Estas acciones responden a la desesperación que tienen por garantizar los intereses de los imperialistas, terratenientes y burgueses, viéndose obligados a recurrir a la violencia como arma política. Esta no es una simple disputa entre sectores políticos equivalentes, es muestra de las expresiones que puede llegar a tomar la lucha de clases en este nuevo periodo de repunte del autoritarismo y la ultraderecha en el continente latinoamericano.
Sabemos que la persecución a los partidos de izquierda en Colombia no es nueva, las organizaciones inclinadas a las ideas de socialismo científico han sido víctimas de una violencia sistemática por décadas, que ha buscado el exterminio de la militancia comunista. Cada intimidación, es parte de la misma cadena de terror que ha arrebatado la vida a miles de mujeres, niños y hombres comunistas, sindicalistas, campesinos, estudiantes e indígenas en Colombia.
No es casualidad que seguidores o promotores de esta política reaccionaria pidan intervención del gobierno yanqui, quien de hecho ante la viralidad del video de la secretaria política de la JUCO filtrado que el subsecreterario de Estado de EE. UU. según noticias UNO se pronunció, para «convertirla en un nuevo objetivo de medidas sancionatorias» como ocurrió con Beto Coral, algo previsible pues el imperialismo yanqui no tolera que los pueblos del mundo ejerzan soberanía política, ni mucho menos que se organicen para resistir su política imperialista, evidenciando que la reacción de nuestro país no actúa sola, sino que responde a los intereses de sus amos. Asimismo, el sionismo, en alianza con el imperialismo yanqui, encuentra en los partidos burgueses de Colombia, aliados dispuestos a replicar sus lógicas de exterminio contra quienes se oponen al capital y al colonialismo.

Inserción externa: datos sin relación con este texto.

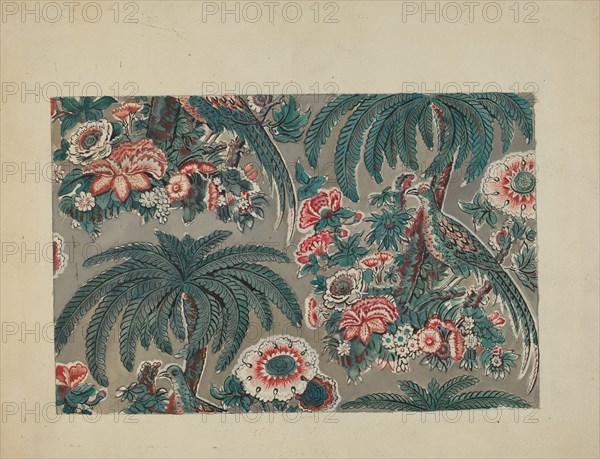 Chintz, c. 1936. Creator: George Loughridge.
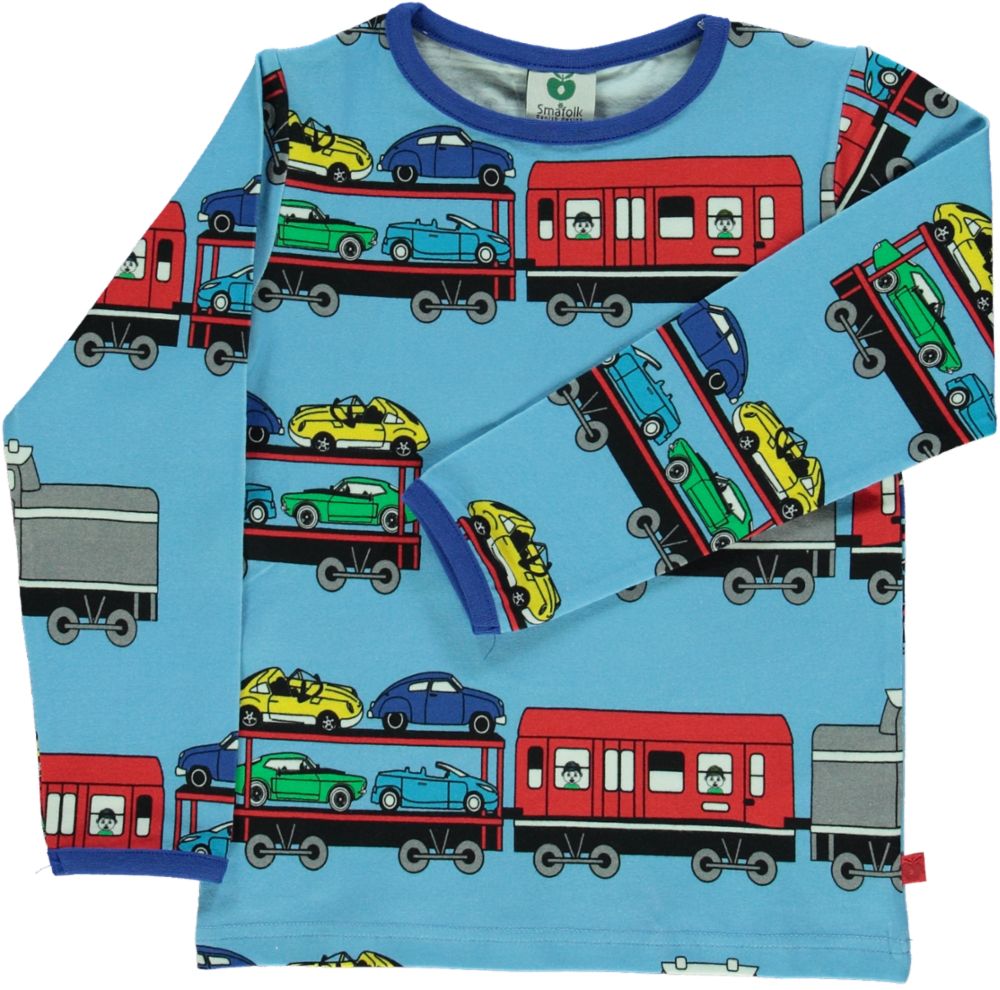 T-shirt LS. Train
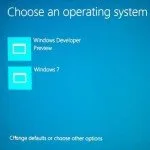 Dual booting OS in Startup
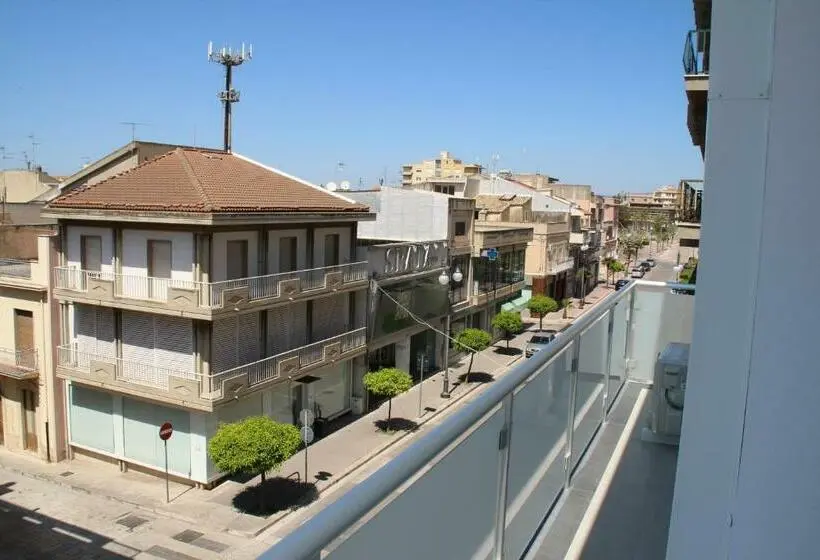 Standard-huone Parveke, La Terrazza B&b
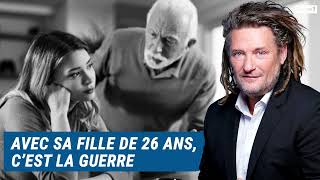 Olivier Delacroix Libre antenne  Il ne sentend pas avec sa fille de 26 ans [upl. by Conny]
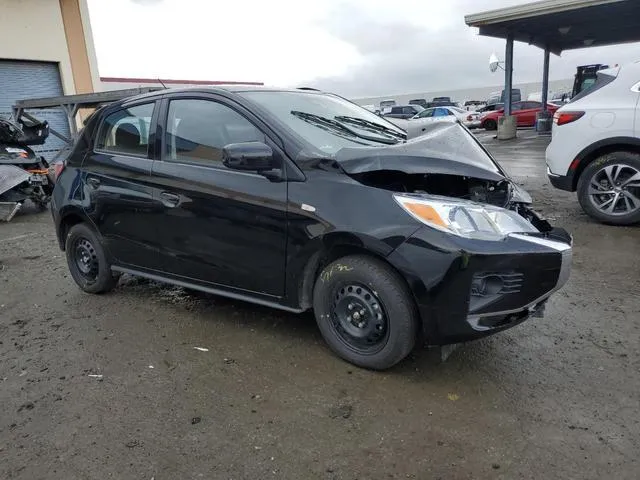 ML32AUHJXRH028898 2024 2024 Mitsubishi Mirage- ES 4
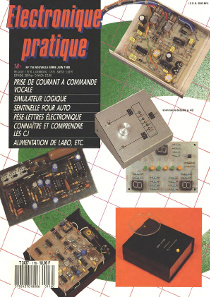 Electronique pratique n°116 juin 1988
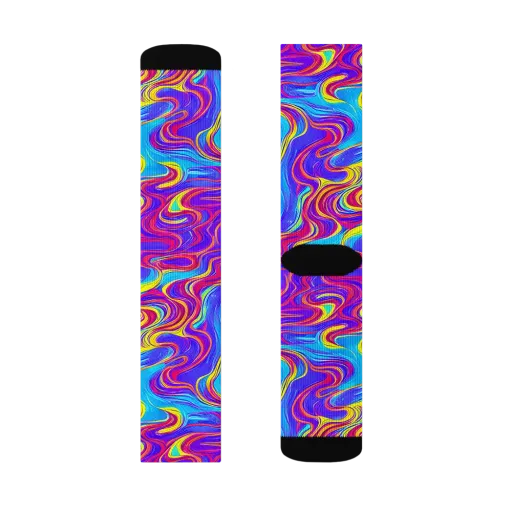 Spectrum Fever on a Socks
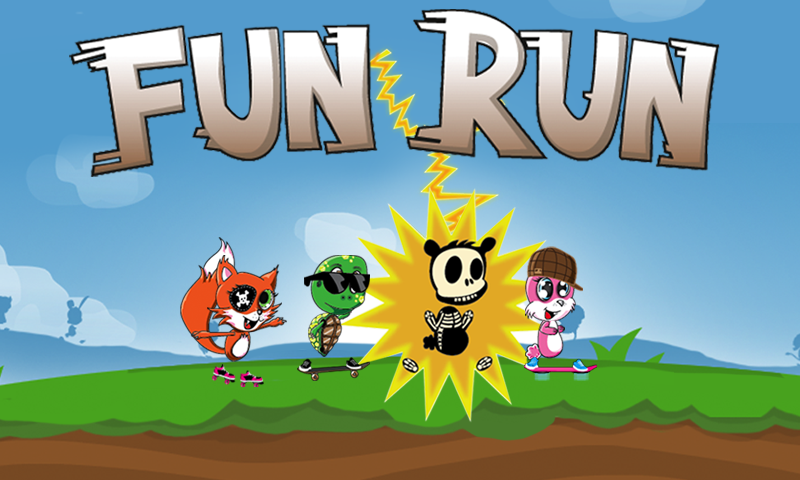 跑步游戏Fun Run下载
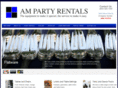ampartyrentals.com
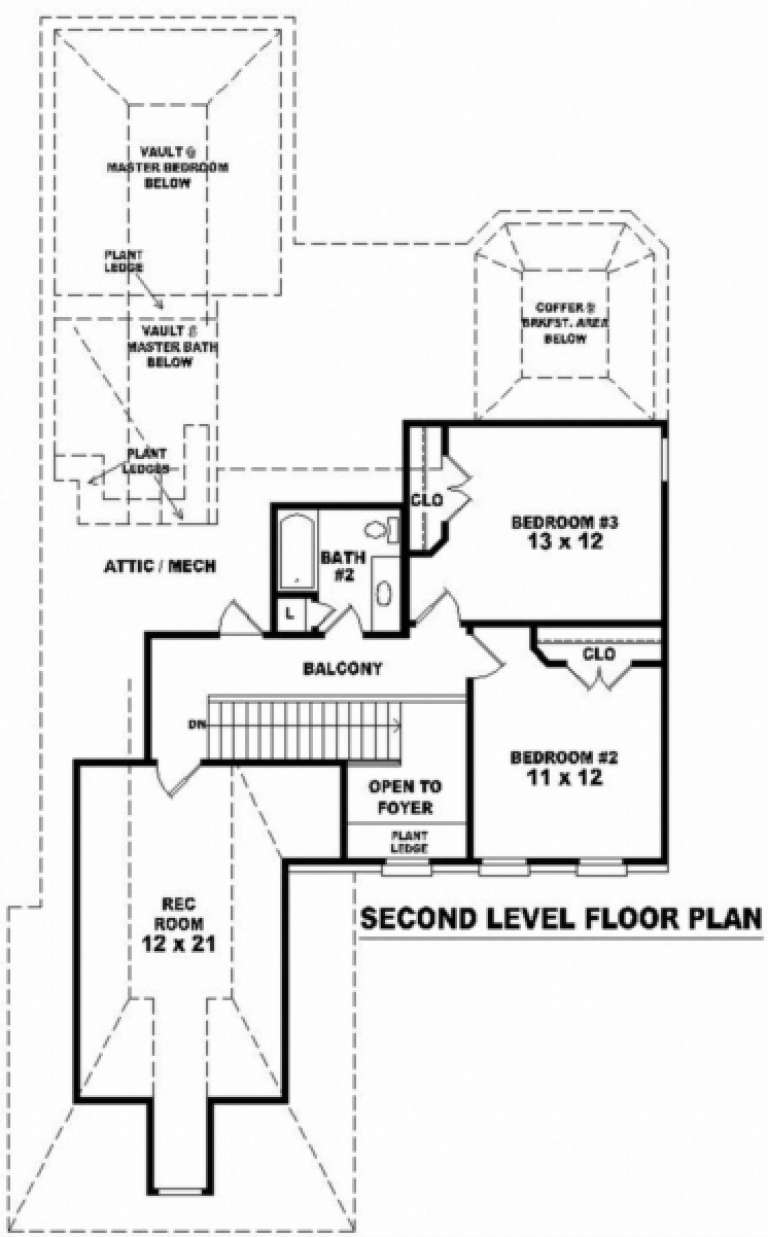 House Plan House Plan #2791 Drawing 2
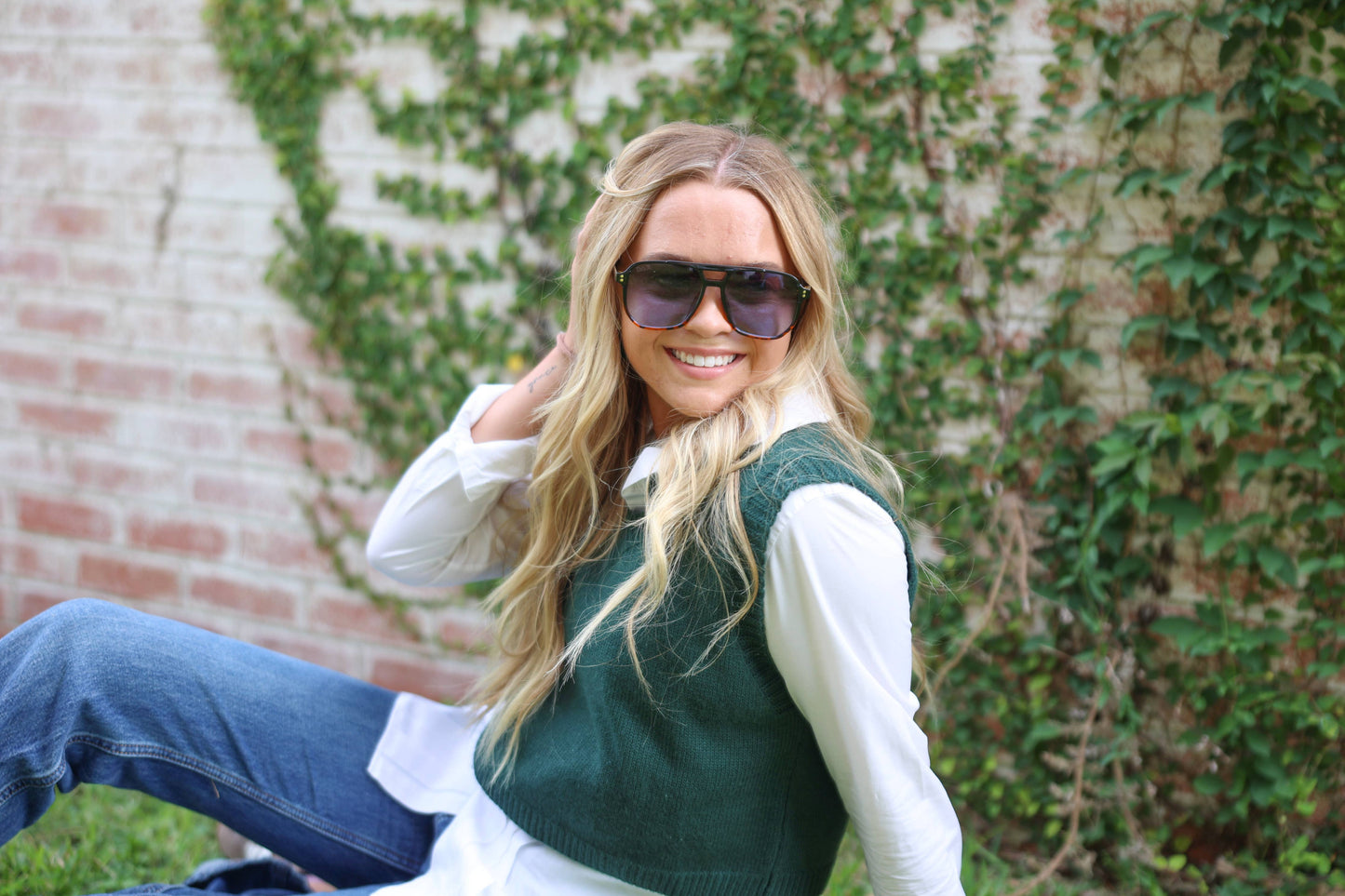 Skye - Unisex Oversized Aviator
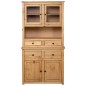 vidaXL Aparador de madera maciza de pino estilo Panamá 93x40,5x180 cm vidaXL Aparador de madera maciza de pino estilo Panamá 93x40,5x180 cm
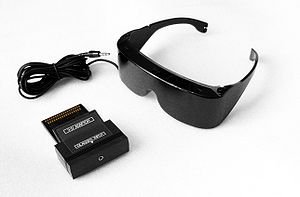 SEGA Master System The Sega 3D Glasses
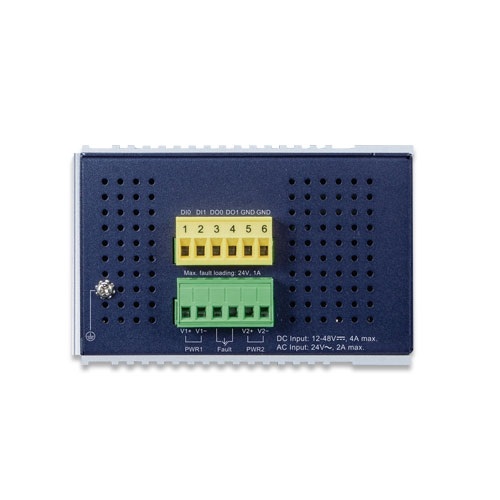 PLANET IGS-6325-8T4X Switch di Rete Gestito L3 Gigabit Ethernet 8 Porte 1000T 4 SFP Blu e Grigio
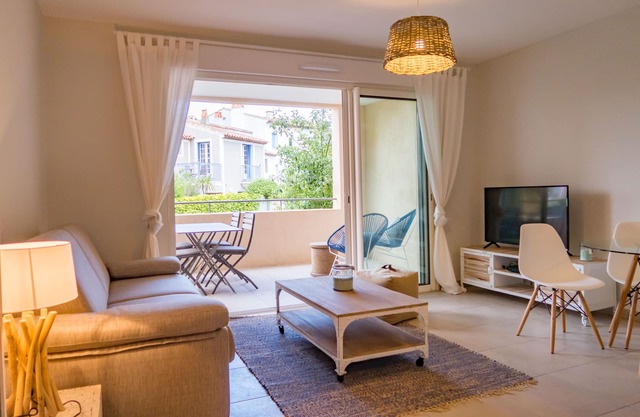 PROMO-T2 GRIMAUD New Building 37m2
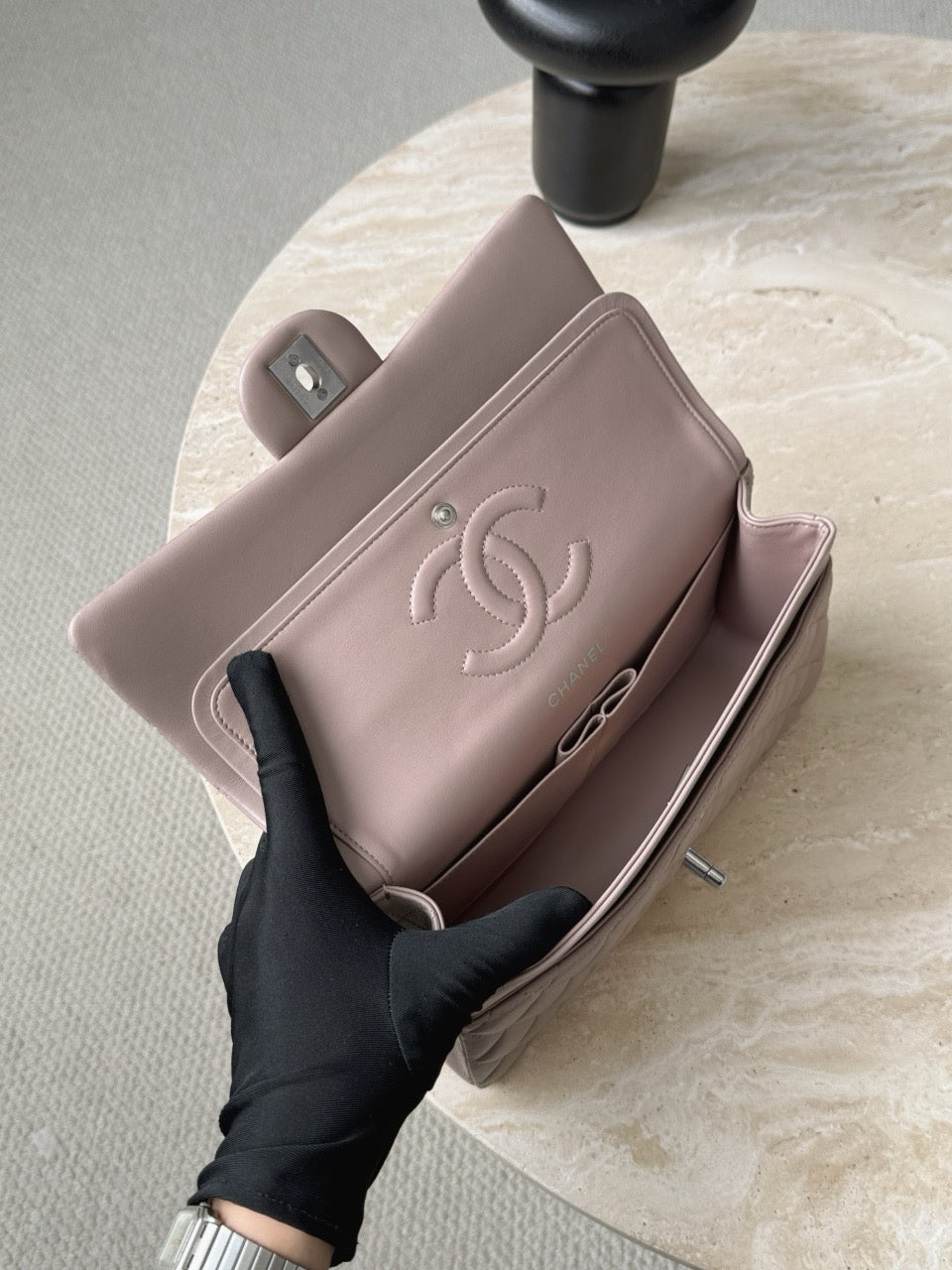 Cf25 Silver Hardware  #3691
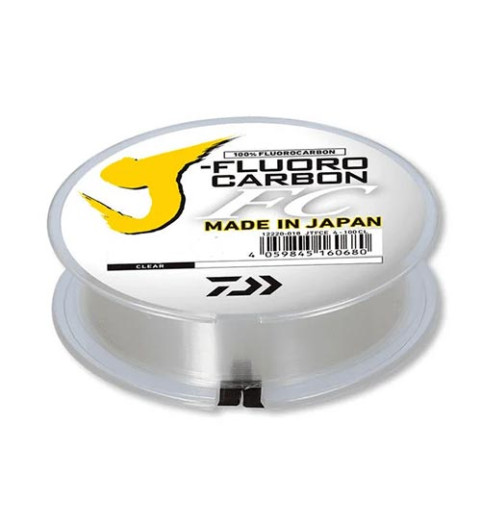 Daiwa - J-Fluorocarbon Leader 0,65 mm 22,4 kg 50 m - Előkezsinór - (12220-065)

Frente a estos hechos, reafirmamos nuestro compromiso con la lucha de la clase obrera, la movilización popular y la lucha de clases en las calles y con barricadas. Hoy las organizaciones inclinadas al marxismo deben fortalecerce, multiplicar la propaganda, y construir alianzas entre sí para hacer frente a la amenaza común. De nuestra parte pese a no estar de acuerdo con su programa político, sepan que la Unión Obrera Comunista tiene muy claro quienes son los enemigos, pues estamos guiados por la ciencia de la revolución socialista, el marxismo-leninismo-maoísmo y por ello rechazamos de manera contundente la persecusión e intimidación que pretende frenar la lucha y movilización del pueblo colombiano.
¡Sólo el pueblo salva al pueblo!
¡Abajo el terrorismo de Estado!
¡Fuera imperialistas yanquis de Colombia y de todo el mundo!